Defendant Rulon Garfield was traveling west on Sheridan Road approaching its intersection with Tyler Avenue, while Gary Macshara was driving south on Tyler Avenue. There are no traffic signs or signals at that intersection. The parties are in dispute as to who entered it first. The point of impact was placed about 18 feet south and about the same distance east of the north and west curb lines and thus in the northwest quadrant of the intersection.

Plaintiff argues that inasmuch as he was the driver approaching from the right, and thus should have been accorded the right of way, the jury was wrong in rejecting his complaint and that this resulted from errors committed by the trial court in these particulars: (1) in refusing to allow a traffic officer to in effect reconstruct the accident from his interpretation of the physical evidence; (2) in admitting certain testimony as to the plaintiff's speed preceding the impact; and (3) in refusing to give some of the plaintiff's requested instructions.

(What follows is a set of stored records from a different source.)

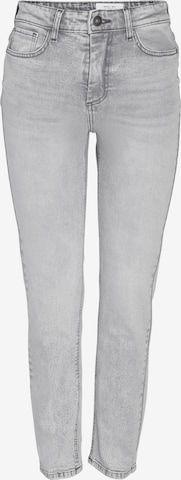 Noisy may Slim fit Jeans 'Moni' in Grey: front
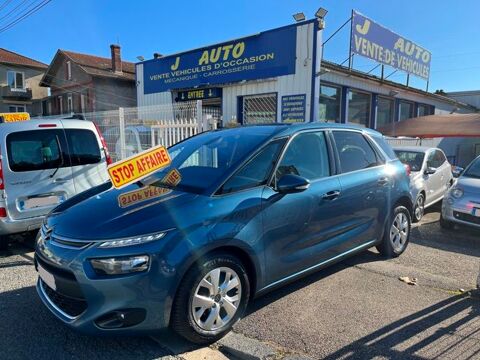 Citroen c4 picasso 1.6 e-hdi 115cv 144.900kms gps camera cl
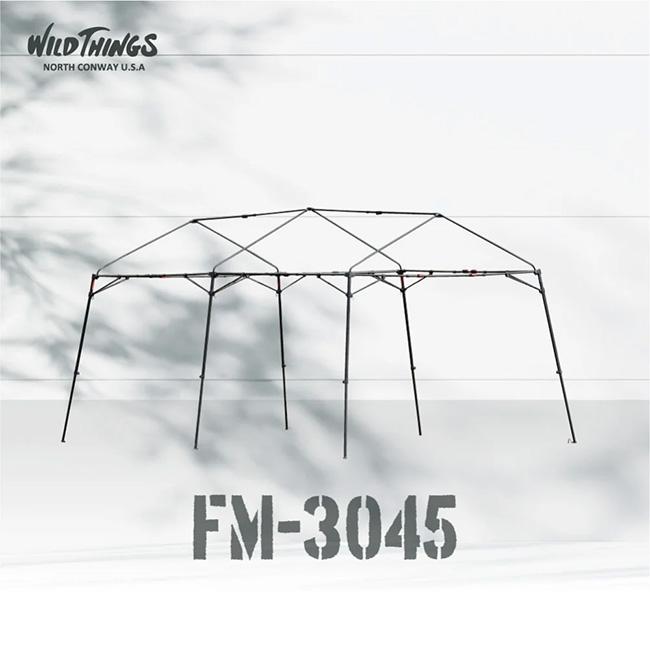 WILDTHINGS ワイルドシングス BASE CAMP FM 3045 ベースキャンプ FM-3045 【テント/シェルター/フレーム/アウトドア/キャンプ】 | ブランド登録なし | 02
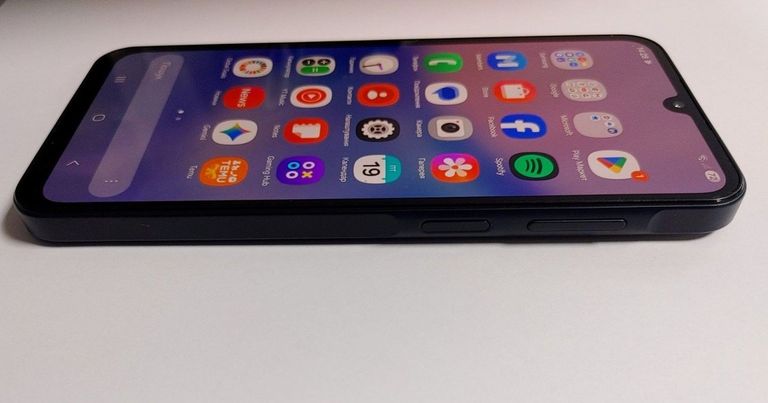 Samsung Galaxy A15 SM-A155F 8/256GB Blue Код:01-200819627. Зображення 8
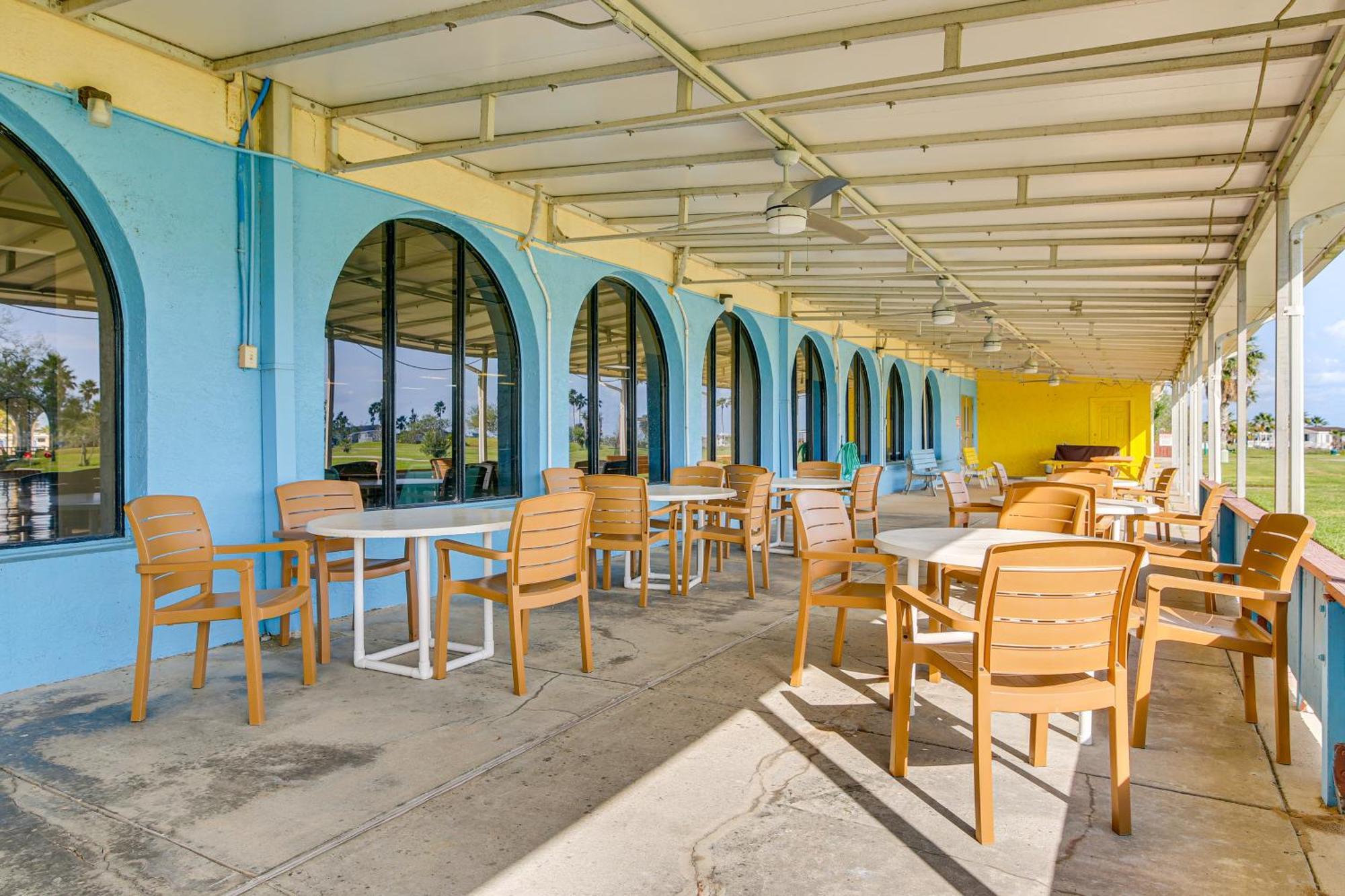 Cozy Waterfront Port Isabel Cottage With Deck! Zewnętrze zdjęcie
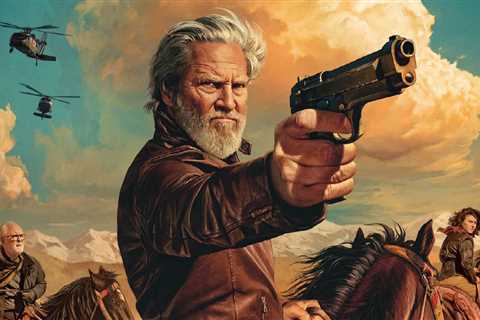 The Old Man season 2 trailer stars Jeff Bridges & John Lithgow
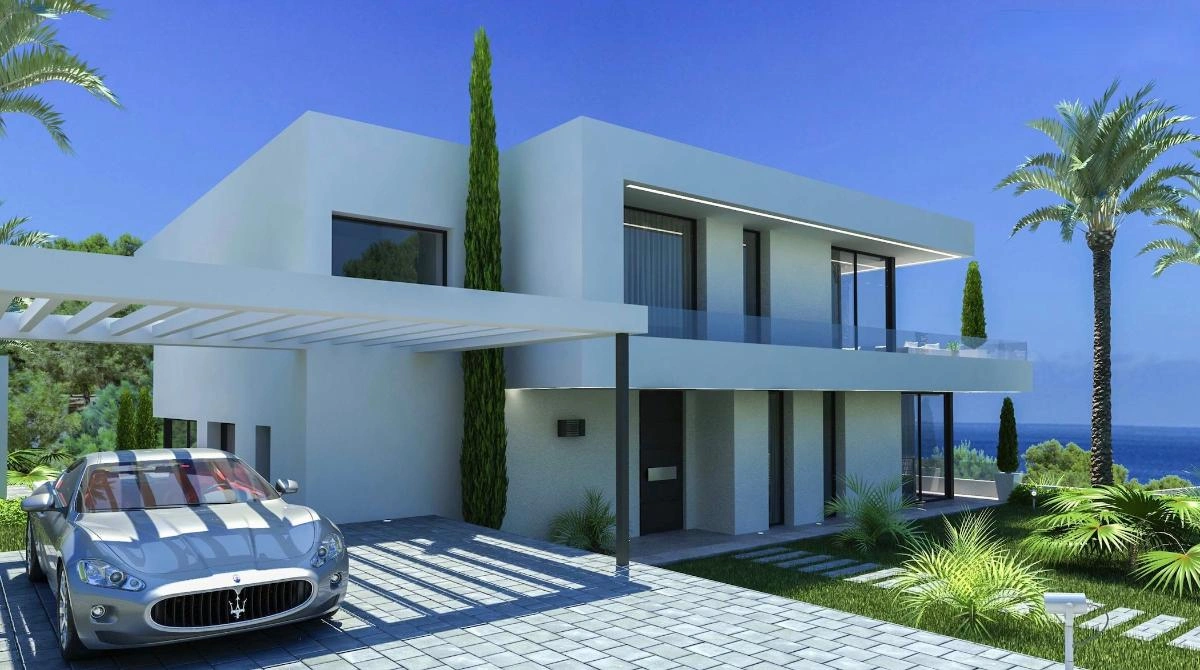 2 - sea view villa for sale in denia - costa blanca valencian community spain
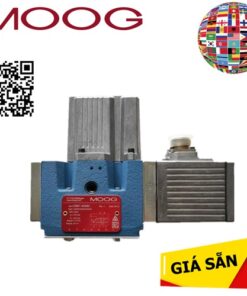 D661-4651 Moog Vietnam,Van trợ lực
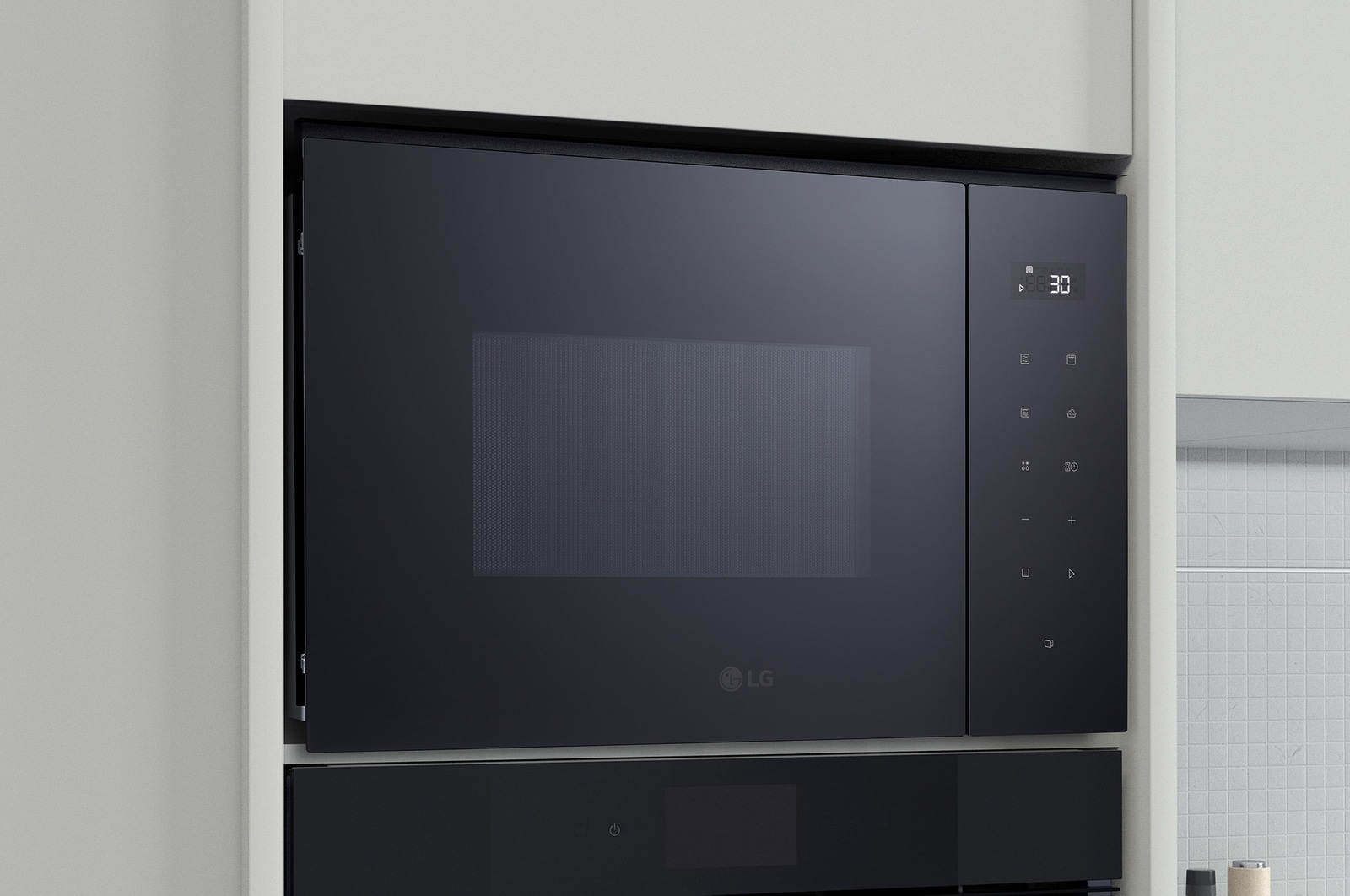 LG MGBZ2593F Vue de face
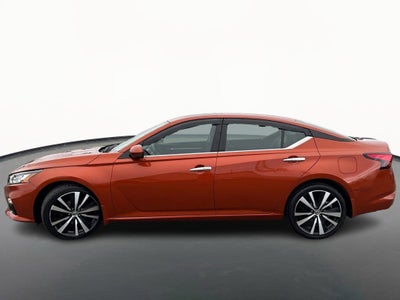 2019 Nissan Altima 2.5 Platinum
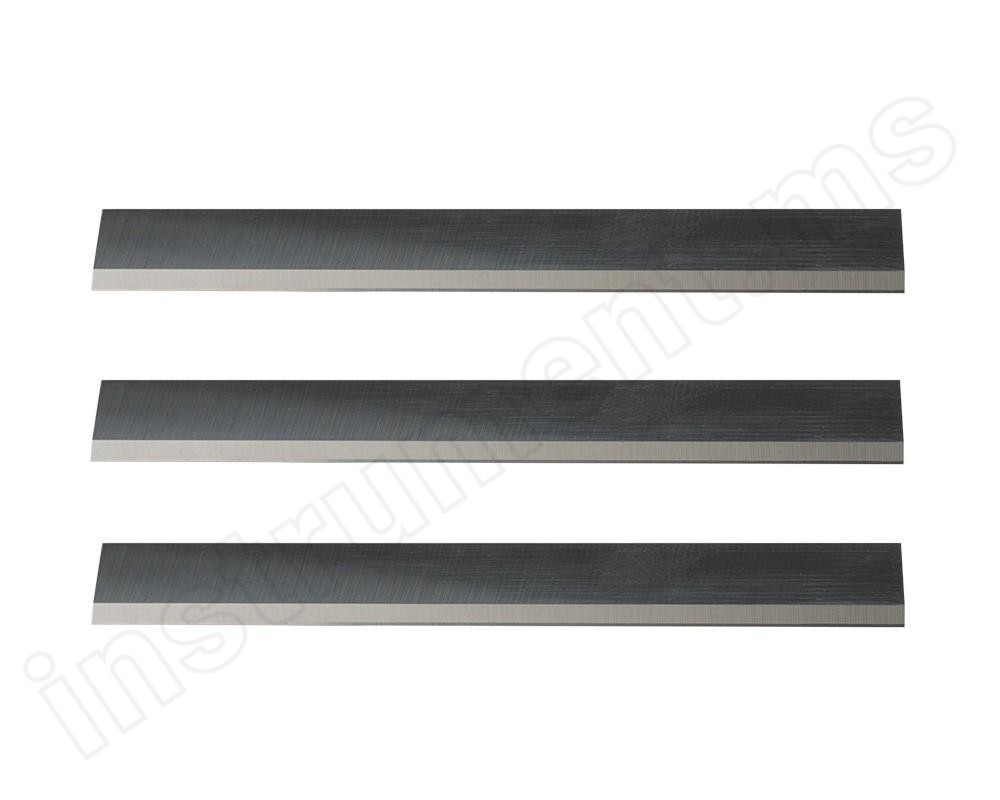Ножи строгальные Комплект 3-х ножей BELMASH 152,4×16×2,7 - фото 1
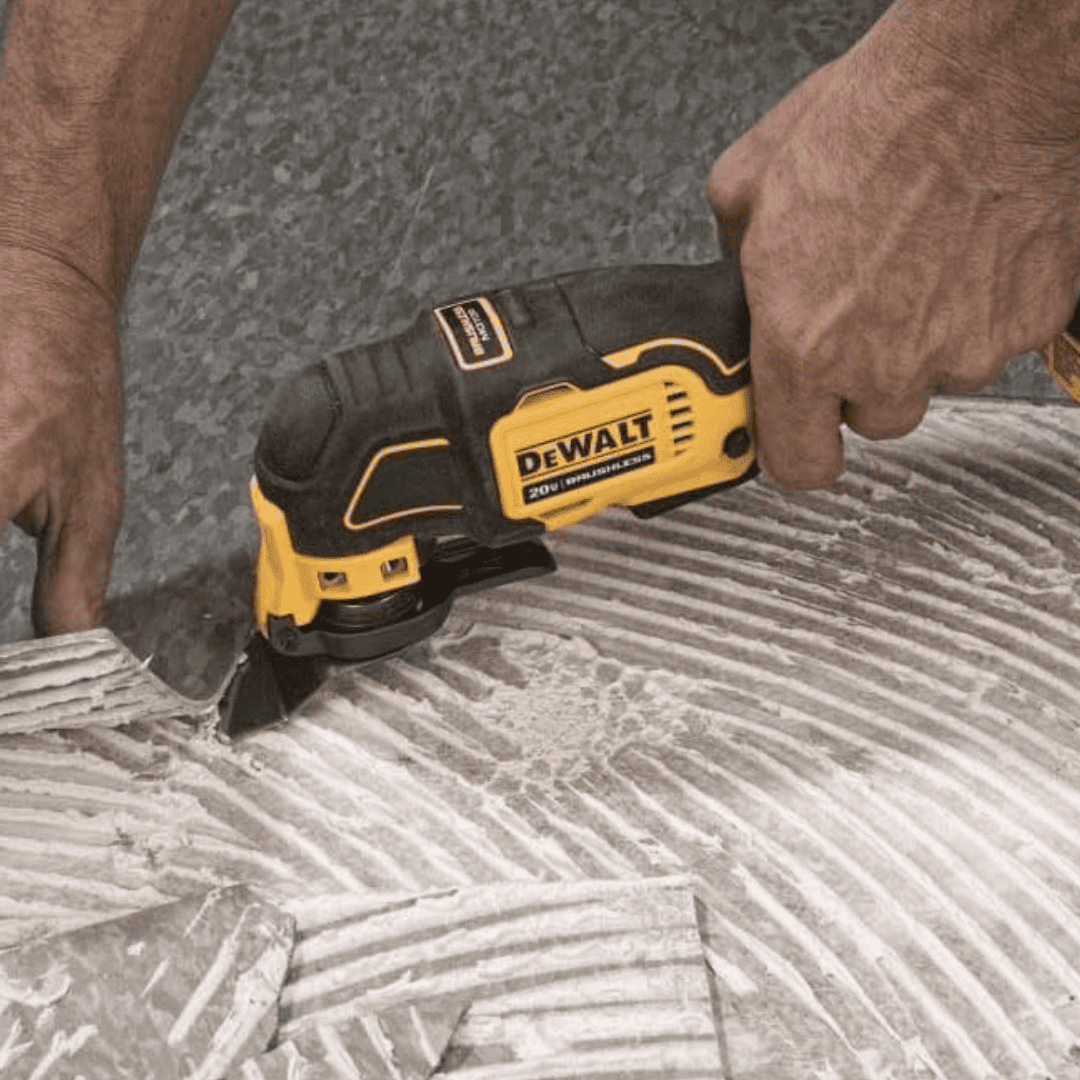 MULTIUSO OSCILANTE DEWALT ATOMIC DCS354B - COD:100723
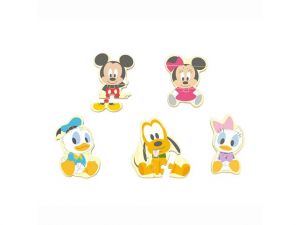 Mickey puzzle, 12 x 9,6 x 0,4 cm
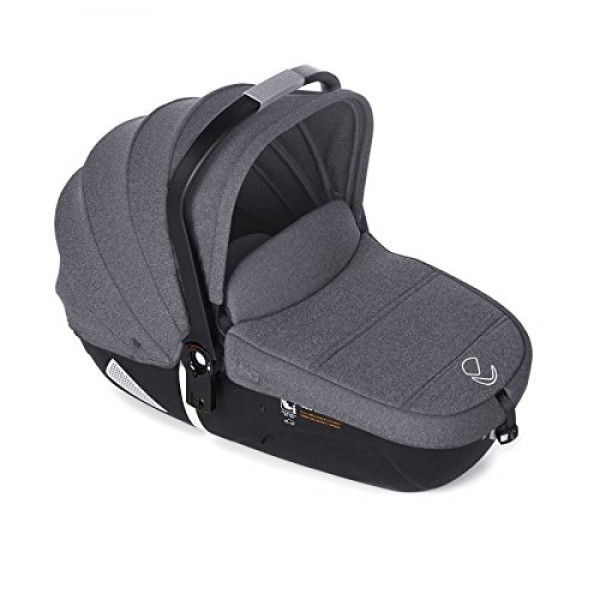 Navetta Trasformabile in Seggiolino Auto Jane I-Matrix Jet Black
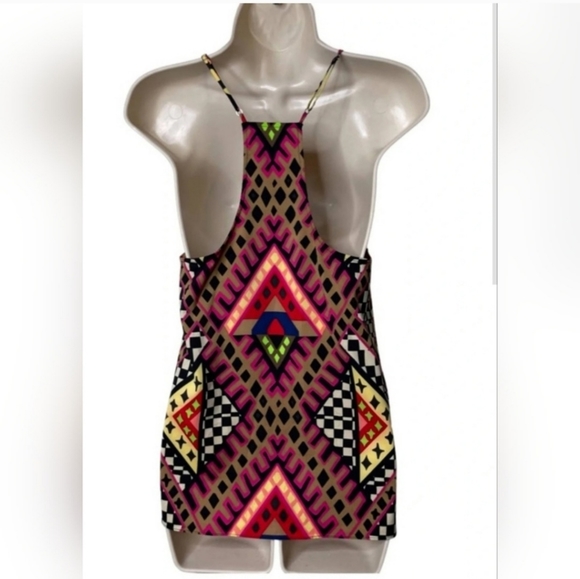 Mara Hoffman Bazaar print tank, NWOT, Size S - Picture 2 of 6
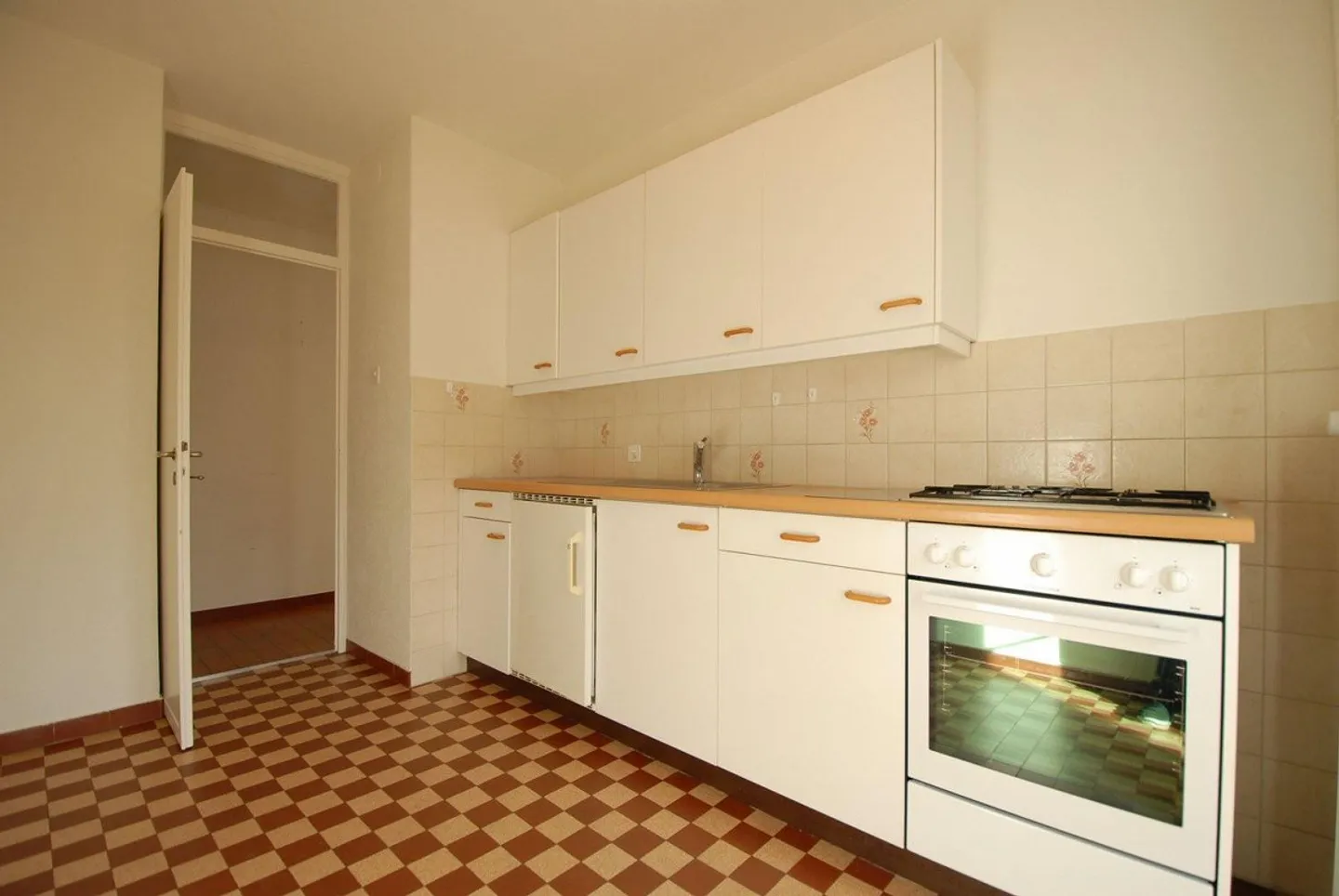 Beautiful 2-room apartment in the Lehenmatt district - Photo 5 of 8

In directing our attention to the rulings on evidence we note first that the trial judge, as the authority in control of the proceeding, has some latitude of discretion in passing upon which evidence has sufficient credibility and probative value to be helpful in establishing the facts.[1] We think the trial court was correct in not allowing the officer to in effect reconstruct the accident and the speed and direction of the vehicles on the basis of such physical evidence as: gouge marks on the lawn and on the curbing, the damage to the automobiles, and the course he assumed they took after the impact. The disallowance of the evidence was in conformity with the rule that such an opinion is not admissible if a layman of ordinary intelligence can just as well interpret the evidence as the experts.[2] In this connection it should be observed that all of the complete evidence, including photographs taken of the vehicles, were before the jury. And further, that the trial court did allow the officer to give his observations as to the damage to the vehicles and its causation, and to give his estimate of their speed based upon the skid marks.[3]

Neither do we see any error which would transgress the reasonable latitude of discretion invested in the trial court in his allowance of testimony of witnesses who observed the plaintiff's speed at 35 to 45 miles per hour short distances, just seconds in time, before he got to the intersection. Plaintiff argues that this testimony was too remote as related to his speed on entering the intersection. This question, as to whether the observations so made were sufficiently close in time to have probative value as to his speed as he entered the intersection, and upon the basic issue as to his negligence, is a matter upon which the trial judge is necessarily required to make the initial determination; and the final determination as to its credibility and its effect upon determining the ultimate facts is for the jury.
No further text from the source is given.